> Data provided

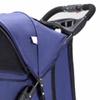 Haustier-Kinderwagen, leicht, faltbar, belüftet, Oxford, tragbar, für kleine Hunde, Kinderwagen für Hunde und Katzen, dunkel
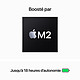 Macbook Apple MacBook Air M2 15 pouces (2023) Minuit 16 Go/512 Go (MQKX3FN/A-16GB) - Autre vue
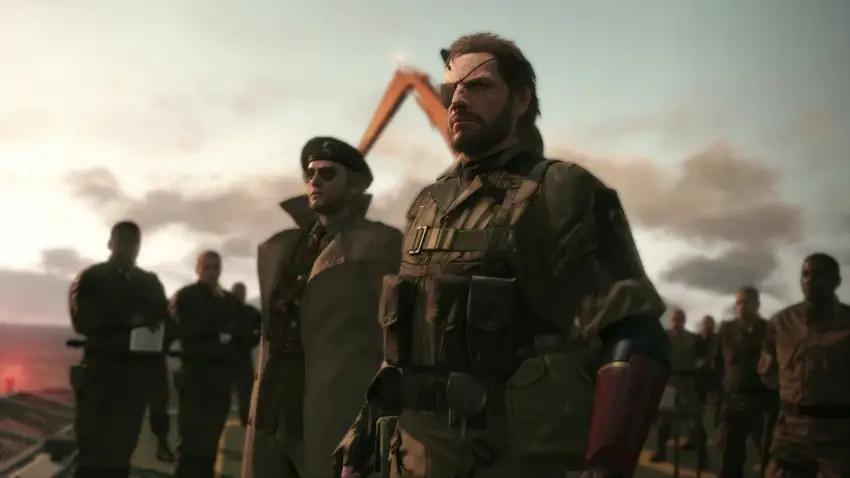METAL GEAR SOLID V: THE PHANTOM PAIN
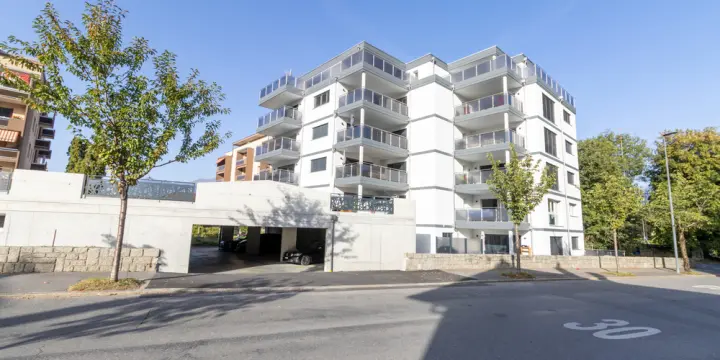 A LOUER A MONTHEY, PLACE DE PARC DOUBLE COUVERTE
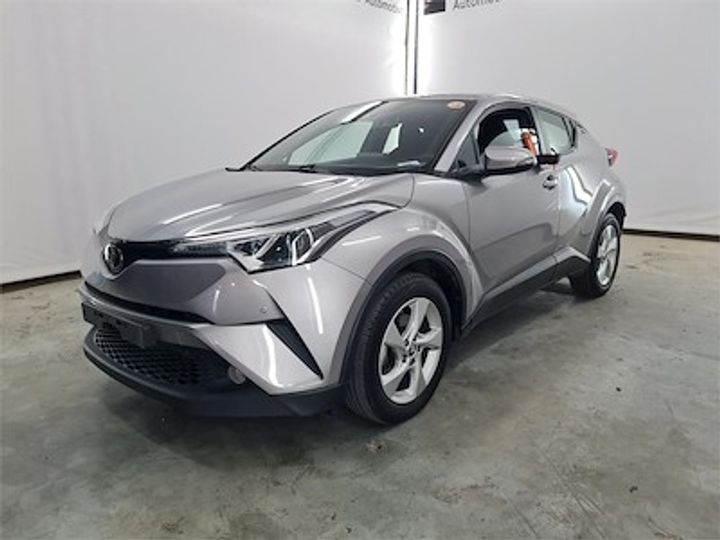 toyota c-hr 2018 nmtky3bx50r041751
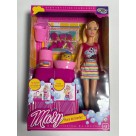Boneca Mary Hora do Banho Wellkids com Acessórios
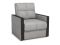 Кресло-кровать Манхэттен цвет серый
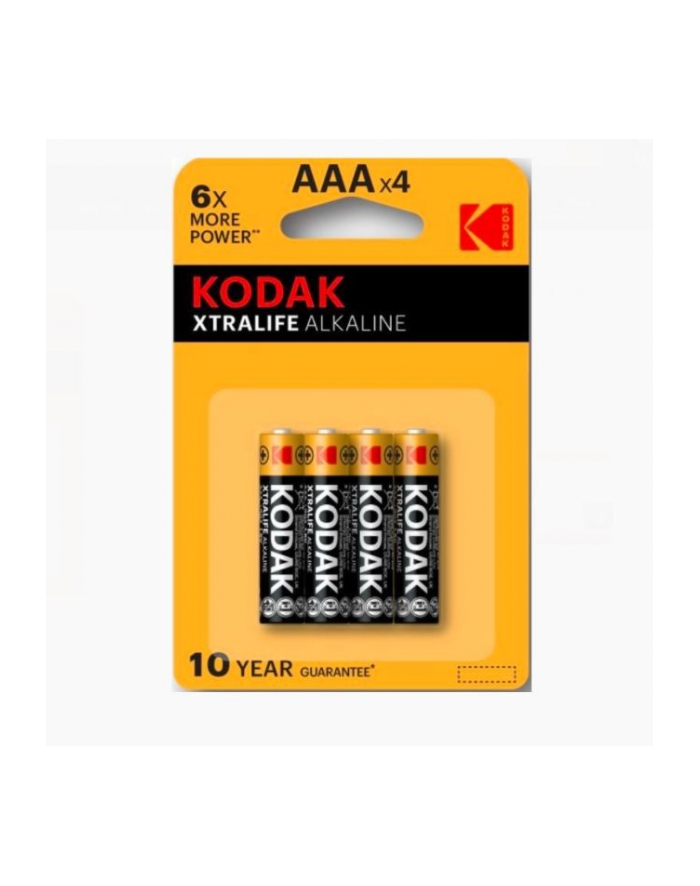 kodak Baterie XTRALIFE Alkaline AAA (LR3) - blister 4szt główny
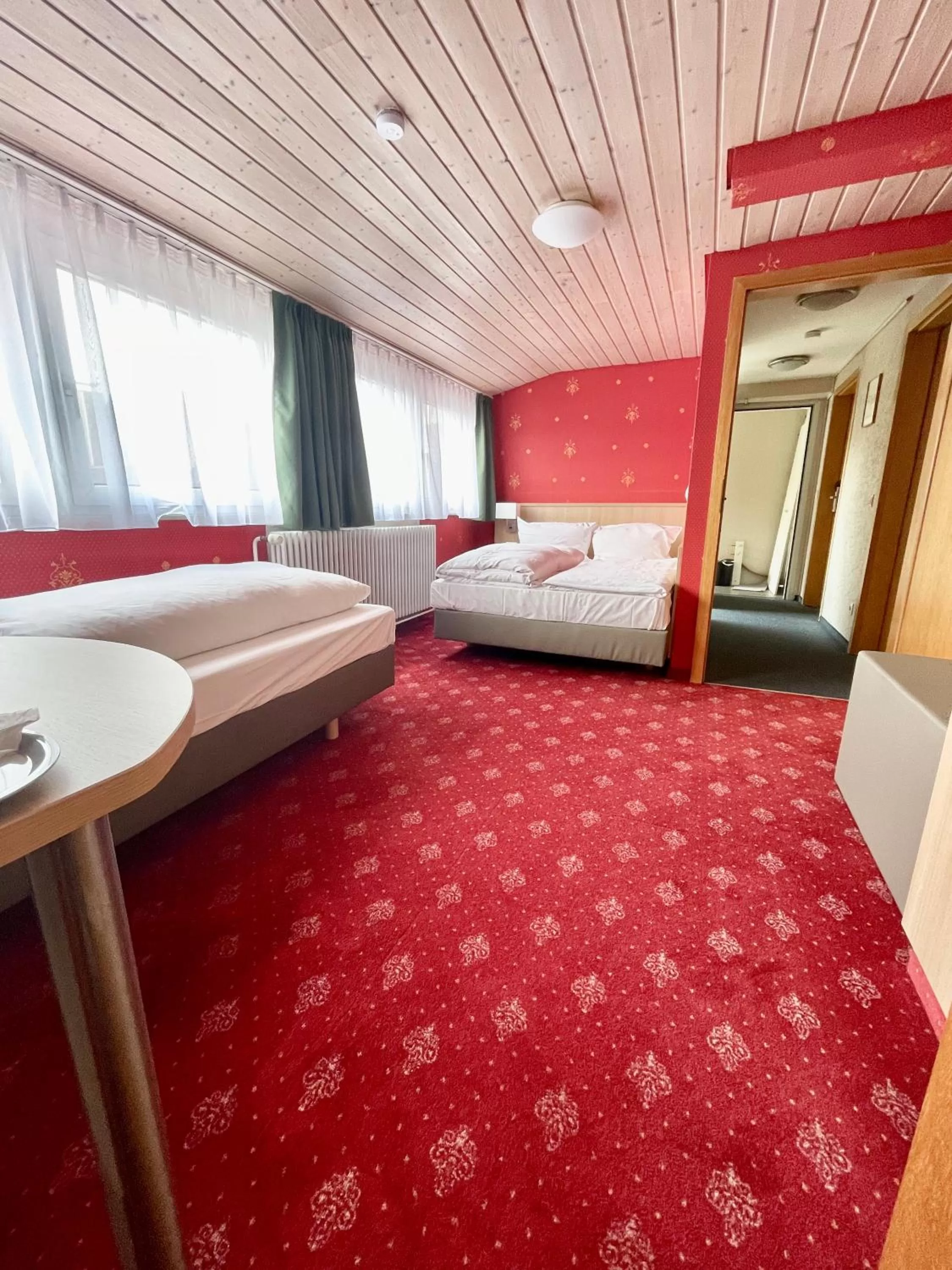 Bed in Hafner Hotel- Apartment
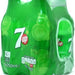 7 Up 4-Pack Bottles, 4 x 250 ml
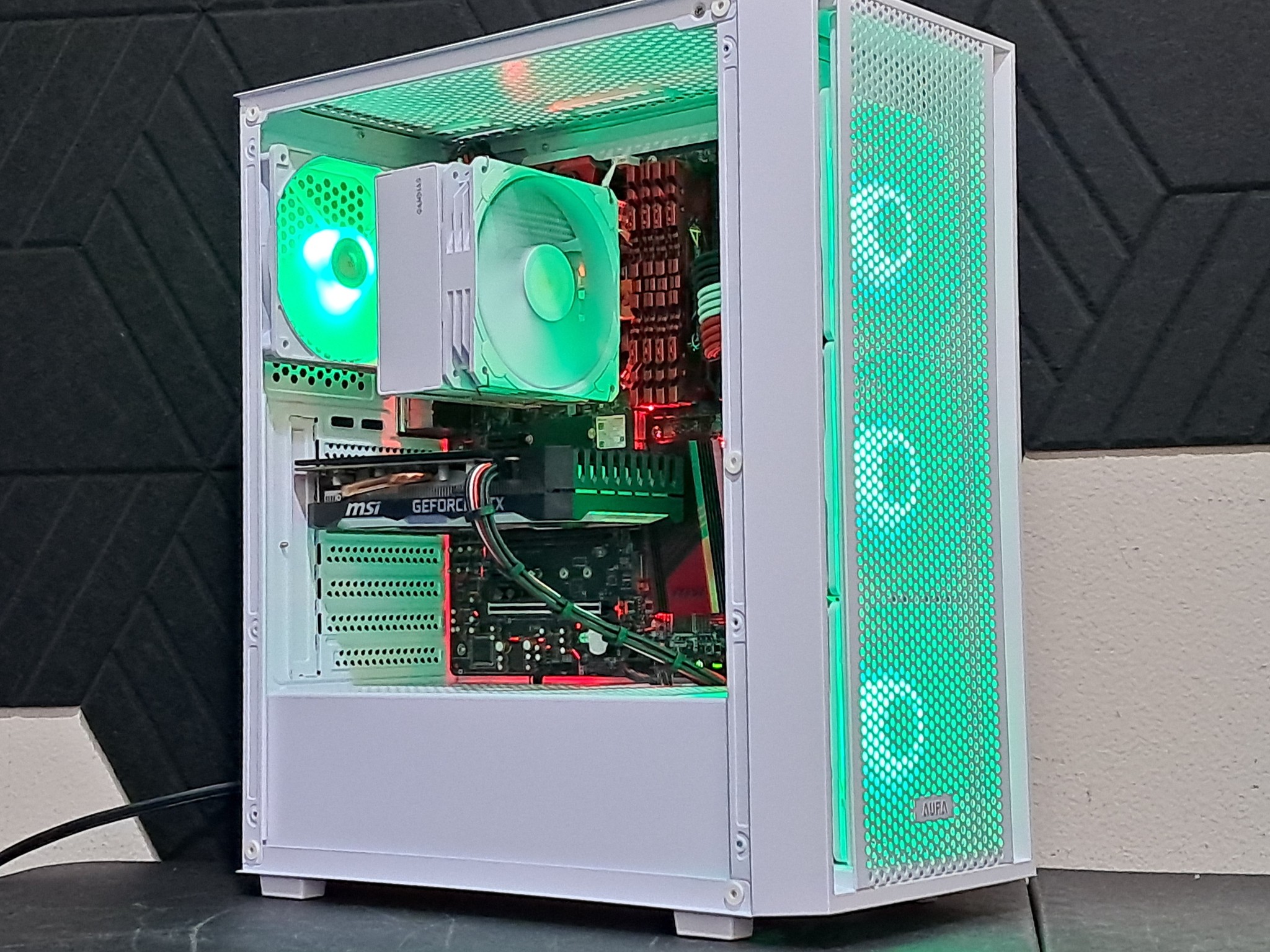 🐦‍🔥Mad MSI Gaming PC🐦‍🔥Intel Core i7-6700 | GTX 1660 Super | 16GB DDR4 | 750GB SSD | WiFi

> Exercise
Output all the data, exactly, without images.

> Answer area
 Haustier-Kinderwagen, leicht, faltbar, belüftet, Oxford, tragbar, für kleine Hunde, Kinderwagen für Hunde und Katzen, dunkel
 Macbook Apple MacBook Air M2 15 pouces (2023) Minuit 16 Go/512 Go (MQKX3FN/A-16GB) - Autre vue
METAL GEAR SOLID V: THE PHANTOM PAIN
 A LOUER A MONTHEY, PLACE DE PARC DOUBLE COUVERTE
 toyota c-hr 2018 nmtky3bx50r041751
Boneca Mary Hora do Banho Wellkids com Acessórios
 Кресло-кровать Манхэттен цвет серый
 kodak Baterie XTRALIFE Alkaline AAA (LR3) - blister 4szt główny
 Bed in Hafner Hotel- Apartment
 7 Up 4-Pack Bottles, 4 x 250 ml
 🐦‍🔥Mad MSI Gaming PC🐦‍🔥Intel Core i7-6700 | GTX 1660 Super | 16GB DDR4 | 750GB SSD | WiFi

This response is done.